In the immediate aftermath of the 2008 financial crisis, Bank of England staff attempted to estimate the financial costs to the UK economy. In 2009 Andrew G. Haldane, Executive Director for Financial Stability at the Bank estimated that the permanent loss to the UK economy from the banking crisis was anywhere between £1.8trn. and £7.4trn.
The softer, less measurable, more human consequences are only just now becoming clear. A paper in the Lancet in July 2011 began to measure the impact of the 2009 crisis on health, and specifically on suicide rates. Economic crises unsettle people in various ways, but the most obvious, pressing and observable is the loss of employment, which quite literally kills. The authors of the paper considered the pre-2004 EU members and the more recent members separately.

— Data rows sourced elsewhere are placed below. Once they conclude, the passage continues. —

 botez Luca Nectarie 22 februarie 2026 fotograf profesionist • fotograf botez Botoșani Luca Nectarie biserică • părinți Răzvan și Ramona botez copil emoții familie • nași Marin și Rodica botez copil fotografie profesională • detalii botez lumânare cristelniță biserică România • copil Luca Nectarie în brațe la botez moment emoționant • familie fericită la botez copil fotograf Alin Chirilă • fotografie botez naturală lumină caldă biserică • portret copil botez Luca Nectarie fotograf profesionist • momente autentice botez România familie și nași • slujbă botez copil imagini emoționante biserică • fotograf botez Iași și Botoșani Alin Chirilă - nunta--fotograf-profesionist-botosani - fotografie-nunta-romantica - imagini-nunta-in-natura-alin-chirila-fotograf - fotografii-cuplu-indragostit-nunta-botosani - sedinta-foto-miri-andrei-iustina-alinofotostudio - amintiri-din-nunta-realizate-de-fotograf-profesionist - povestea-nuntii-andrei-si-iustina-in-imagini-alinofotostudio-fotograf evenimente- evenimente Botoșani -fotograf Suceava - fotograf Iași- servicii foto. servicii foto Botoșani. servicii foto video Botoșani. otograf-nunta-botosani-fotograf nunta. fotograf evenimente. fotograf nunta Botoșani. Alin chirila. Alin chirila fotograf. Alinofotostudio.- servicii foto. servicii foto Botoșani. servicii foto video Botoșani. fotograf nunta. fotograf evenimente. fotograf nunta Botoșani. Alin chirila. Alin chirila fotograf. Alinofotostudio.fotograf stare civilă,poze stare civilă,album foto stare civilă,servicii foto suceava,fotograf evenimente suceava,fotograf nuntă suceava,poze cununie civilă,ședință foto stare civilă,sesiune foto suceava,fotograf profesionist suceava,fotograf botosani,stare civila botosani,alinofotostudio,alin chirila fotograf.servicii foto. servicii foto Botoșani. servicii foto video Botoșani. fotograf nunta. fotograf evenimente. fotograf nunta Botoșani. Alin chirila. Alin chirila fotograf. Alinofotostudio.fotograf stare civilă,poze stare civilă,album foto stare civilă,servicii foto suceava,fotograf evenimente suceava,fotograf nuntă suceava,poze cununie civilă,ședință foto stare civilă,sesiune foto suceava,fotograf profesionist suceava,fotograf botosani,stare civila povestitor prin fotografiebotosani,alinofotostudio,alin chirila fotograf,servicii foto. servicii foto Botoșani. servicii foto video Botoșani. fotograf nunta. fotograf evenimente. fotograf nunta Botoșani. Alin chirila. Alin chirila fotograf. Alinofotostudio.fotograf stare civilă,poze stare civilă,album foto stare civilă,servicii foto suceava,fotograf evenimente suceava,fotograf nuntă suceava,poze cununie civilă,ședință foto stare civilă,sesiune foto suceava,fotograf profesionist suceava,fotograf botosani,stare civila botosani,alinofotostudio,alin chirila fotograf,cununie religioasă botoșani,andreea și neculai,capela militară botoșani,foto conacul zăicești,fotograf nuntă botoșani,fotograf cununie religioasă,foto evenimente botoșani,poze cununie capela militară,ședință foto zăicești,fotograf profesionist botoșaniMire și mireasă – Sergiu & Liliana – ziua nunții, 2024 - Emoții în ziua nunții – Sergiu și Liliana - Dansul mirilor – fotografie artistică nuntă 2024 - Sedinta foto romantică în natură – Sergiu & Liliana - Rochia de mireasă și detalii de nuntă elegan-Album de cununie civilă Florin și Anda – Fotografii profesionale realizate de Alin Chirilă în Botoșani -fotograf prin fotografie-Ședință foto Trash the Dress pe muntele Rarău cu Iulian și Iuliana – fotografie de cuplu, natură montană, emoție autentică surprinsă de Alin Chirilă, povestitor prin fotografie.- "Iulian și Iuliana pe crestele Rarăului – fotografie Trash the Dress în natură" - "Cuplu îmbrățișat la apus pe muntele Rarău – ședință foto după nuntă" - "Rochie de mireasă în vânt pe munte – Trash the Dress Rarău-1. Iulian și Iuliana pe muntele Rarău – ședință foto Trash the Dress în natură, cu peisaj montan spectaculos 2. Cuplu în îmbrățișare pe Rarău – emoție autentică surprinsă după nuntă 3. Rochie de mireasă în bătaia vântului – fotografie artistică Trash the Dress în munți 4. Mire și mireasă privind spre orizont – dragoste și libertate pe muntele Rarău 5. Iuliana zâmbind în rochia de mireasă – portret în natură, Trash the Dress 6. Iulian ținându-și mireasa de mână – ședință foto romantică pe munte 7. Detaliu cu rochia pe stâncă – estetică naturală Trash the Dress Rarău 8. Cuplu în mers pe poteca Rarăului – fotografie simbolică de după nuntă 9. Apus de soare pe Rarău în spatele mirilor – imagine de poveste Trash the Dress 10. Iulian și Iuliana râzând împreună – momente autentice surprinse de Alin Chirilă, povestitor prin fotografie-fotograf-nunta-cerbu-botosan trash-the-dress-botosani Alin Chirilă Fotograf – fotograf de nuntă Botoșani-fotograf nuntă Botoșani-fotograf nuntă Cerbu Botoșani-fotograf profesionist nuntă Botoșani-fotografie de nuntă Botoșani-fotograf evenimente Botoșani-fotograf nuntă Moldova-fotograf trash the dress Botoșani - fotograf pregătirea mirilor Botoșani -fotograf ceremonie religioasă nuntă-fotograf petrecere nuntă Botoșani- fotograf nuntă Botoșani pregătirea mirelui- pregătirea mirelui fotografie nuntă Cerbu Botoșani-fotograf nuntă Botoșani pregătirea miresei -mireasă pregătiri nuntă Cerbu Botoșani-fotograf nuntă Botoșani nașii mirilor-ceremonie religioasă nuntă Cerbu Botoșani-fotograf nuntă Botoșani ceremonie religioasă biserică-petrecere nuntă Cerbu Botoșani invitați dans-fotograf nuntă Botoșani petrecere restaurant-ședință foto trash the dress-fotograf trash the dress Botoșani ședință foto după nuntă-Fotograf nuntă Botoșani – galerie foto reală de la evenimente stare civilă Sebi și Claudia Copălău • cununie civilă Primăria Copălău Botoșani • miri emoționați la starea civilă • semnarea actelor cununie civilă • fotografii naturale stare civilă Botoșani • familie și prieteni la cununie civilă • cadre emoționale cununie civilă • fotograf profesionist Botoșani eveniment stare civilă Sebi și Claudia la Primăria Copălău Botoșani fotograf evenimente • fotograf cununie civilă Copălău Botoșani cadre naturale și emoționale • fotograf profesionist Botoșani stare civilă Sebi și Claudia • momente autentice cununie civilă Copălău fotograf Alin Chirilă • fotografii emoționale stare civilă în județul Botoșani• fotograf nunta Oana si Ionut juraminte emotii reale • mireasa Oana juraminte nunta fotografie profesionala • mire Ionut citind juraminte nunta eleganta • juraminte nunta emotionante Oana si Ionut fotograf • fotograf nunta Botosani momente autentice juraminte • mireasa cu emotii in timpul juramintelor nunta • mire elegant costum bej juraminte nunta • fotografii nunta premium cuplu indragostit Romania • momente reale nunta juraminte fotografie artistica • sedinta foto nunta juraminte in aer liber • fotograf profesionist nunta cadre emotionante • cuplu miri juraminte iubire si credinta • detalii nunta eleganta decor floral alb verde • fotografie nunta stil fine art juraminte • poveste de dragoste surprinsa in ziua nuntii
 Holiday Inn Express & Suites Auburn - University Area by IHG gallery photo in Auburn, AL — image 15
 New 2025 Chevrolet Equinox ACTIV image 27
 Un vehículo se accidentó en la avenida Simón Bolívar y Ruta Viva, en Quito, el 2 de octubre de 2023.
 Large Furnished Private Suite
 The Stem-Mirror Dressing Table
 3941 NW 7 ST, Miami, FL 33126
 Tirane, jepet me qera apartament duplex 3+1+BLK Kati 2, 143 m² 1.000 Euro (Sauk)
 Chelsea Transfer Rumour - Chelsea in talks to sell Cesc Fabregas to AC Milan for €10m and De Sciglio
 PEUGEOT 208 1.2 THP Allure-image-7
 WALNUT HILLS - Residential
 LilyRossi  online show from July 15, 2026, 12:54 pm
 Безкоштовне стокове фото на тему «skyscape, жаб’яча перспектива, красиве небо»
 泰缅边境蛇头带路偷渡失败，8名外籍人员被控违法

The graphic from the paper reproduced here compares unemployment rates amongst adults with rates of suicide across the EU. Unemployment began rising rapidly in 2009, with a 35% increase over 2007 levels. Shockingly, however, the increase in suicide preceded this, suggesting that it results from fear of unemployment and general rise in anxiety as a result of the instability caused by financial shock. As the authors conclude:
‘the steady downward trend in suicide rates, seen in both groups of countries before 2007, reversed at once. The 2008 increase was less than 1% in the new Member States, but in the old ones it increased by almost 7%. In both, suicides increased further in 2009. Among the countries studied, only Austria had fewer suicides (down 5%) in 2009 than in 2007. In each of the other countries the increase was at least 5%.’
The fact that it is fear and uncertainty that causes suicide, as well as the reality of unemployment and poverty, indicates the irresponsibility of the Coalition strategy of creating an aura of austeria in order to make it easier to impose their draconian cuts. This undermining of social confidence can itself cause increased rates of suicide, which are only a marker of more general social dis-ease.
Greece gives us an indication of the future for the people of Europe if these desperate austerity measures are continued, a policy that Cameron recently argued for at Davos. Official statistics for that country indicate a 40% rise in those taking their own lives between January and May of 2011. Studies of rapid social change repeatedly indicate that the increase in uncertainty and the fraying of the social fabric are not only politically dangerous but also very destructive to human life and health.